Consumers aren’t the only plaintiffs in data-breach litigation. Businesses sue, too.
When they do sue, businesses can be strong plaintiffs. This is because, unlike consumers, businesses usually can establish standing, since they’re more likely to have suffered direct financial loses that can be readily identified.
This doesn’t mean, however, that a data-breach business plaintiff can waltz untouched through the Rule 12(b)(6) stage.
Instead, a business plaintiff must overcome a different defense: the economic-loss rule. That rule prevents plaintiffs who suffer economic losses stemming from a contract from trying to recover those losses through non-contract claims.
A recent decision from a federal court in Colorado involving one of my kids’ favorite mac-and-cheese spots shows how the economic-loss rule can apply when one business sues another over a data breach. This post studies that decision.
A Cyberattack Compromises Diners’ Payment Card Data
SELCO Community Credit Union v Noodles & Company concerns a cyberattack on the Noodles & Company restaurant chain that compromised customers’ credit and debit card information. The plaintiffs were not consumers, but instead credit unions whose cardholders dined at Noodles and whose information was compromised. They sued Noodles for failing to prevent the breach.
According to the credit unions, Noodles breached a common-law duty to protect its customers’ payment card information by failing to implement industry-standard data-security measures. The credit unions alleged that this breach caused them damages, including the costs to cancel and reissue affected cards and to refund cardholders for unauthorized charges.
The credit union brought tort claims—all based on theories of negligence—against Noodles. Noodles filed a motion to dismiss based on the economic-loss rule, pointing to agreements it and the plaintiffs had entered as participants in the payment-card-processing ecosystem.
The Payment Card Ecosystem: A Chain of Interrelated Contracts
The court provided the following diagram to explain this ecosystem:
In its motion, Noodles observed that each actor in this ecosystem signed an agreement with at least one other actor in which it agreed to follow rules issued by the bank-card associations. Importantly, the agreements required merchants to maintain a certain level of security for payment-card data—including compliance with a set of detailed best practices for data security in the payment-card industry called the Payment Card Industry Data Security Standard (PCI DSS).
Noodles argued that these agreements also allocated the parties’ rights and responsibilities in the event of a cyberattack. More specifically, the agreements called for the credit unions to guarantee cardholders zero liability for fraudulent transactions. The credit unions, in turn, could partially recover their losses through a loss-shifting scheme managed by the bank-card associations.
According to Noodles, this arrangement reflected “a series of determinations by several sophisticated commercial entities about how the risk of fraudulent transactions should be allocated in the payment card networks.” Noodles accused the credit unions of trying to re-allocate that risk—and violating the economic-loss rule—by bringing tort claims.
An Independent Duty?
The credit unions had two main arguments in response.
First, they argued that Noodles owed them a common-law duty to secure payment-card data and to prevent foreseeable harm to cardholders. This duty, they urged, was separate and distinct from any contract-based duty to comply with PCI DSS. The credit unions made this argument to try to shoehorn their claims into what’s known as the “independent duty” exception to the economic-loss rule.
Second, the credit unions argued that the economic-loss rule should not apply because the credit unions had no contract with Noodles. Thus, the credit unions argued, they never had the chance to “reliably allocate risks and costs” with Noodles.
The Court’s Decision
The court, like my children, sided with Noodles.

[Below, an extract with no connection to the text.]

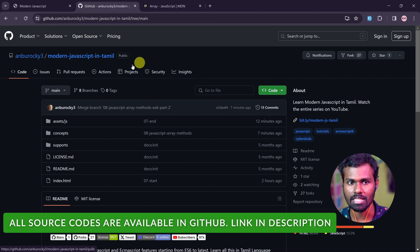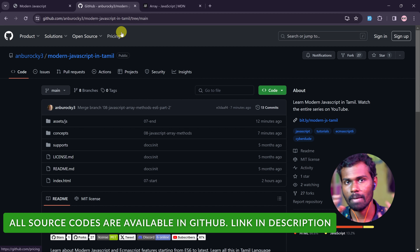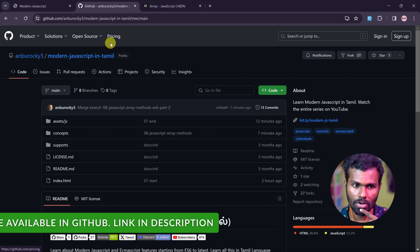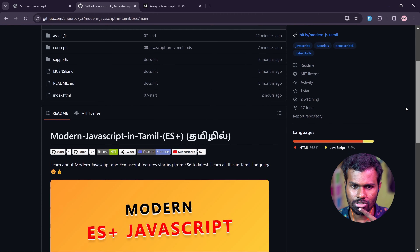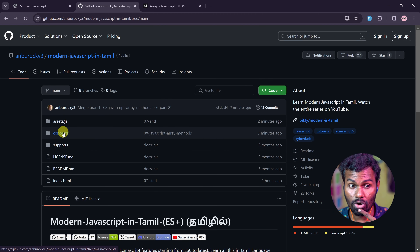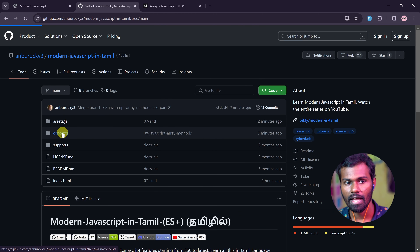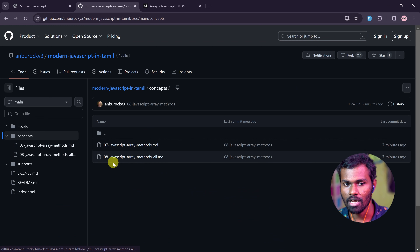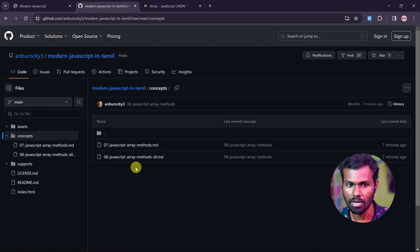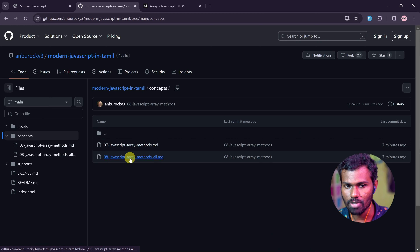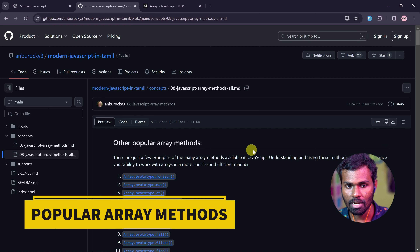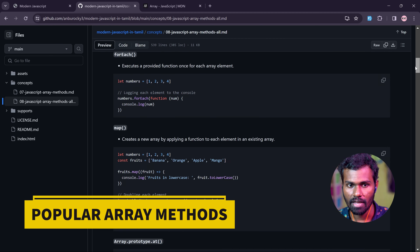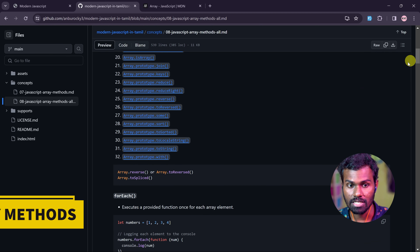You can use modern JavaScript and install it in a particular file. There's a link in the description, so you can check it out. If you scroll down, you can see all the concepts in this video and go to the topics. Now we are in the 8th video, so click on the 8th video.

On the independent-duty argument, the court concluded that each duty that Noodles allegedly breached was bound up in the agreements to comply with the bank-card association rules and PCI DSS. Even if Noodles might also have had a common law duty to protect payment card data from a cyberattack, that duty could not be considered “independent of a contract that memorialize[d] it.”
The fact that the credit unions never contracted directly with Noodles had no analytical impact. In the court’s view, the economic-loss rule does not mandate a one-to-one contract relationship. Instead, the court reasoned, the rule asks whether a plaintiff had “the opportunity to bargain and define their rights and remedies, or to decline to enter into the contractual relationship.” The credit unions had that chance here.
Lessons for Litigants
SELCO confirms that the economic-loss rule can provide a powerful shield against attempts—including and especially by businesses—to make end-runs around negotiated limitations and allocations of liability for cyberattacks.
Defendants, however, must be ready to show that the contract on which they rely imposes relevant data-security obligations. Doing so requires that the obligations be clearly defined—well before litigation arises—in any contracts that involve the receipt or handling of sensitive information.
Clearly defining data-security obligations in contracts is already a recognized best practice for information-security risk management. But as SELCO demonstrates, this type of clarity can also lay the groundwork for deploying the economic-loss rule against lawsuits arising from a successful cyberattack.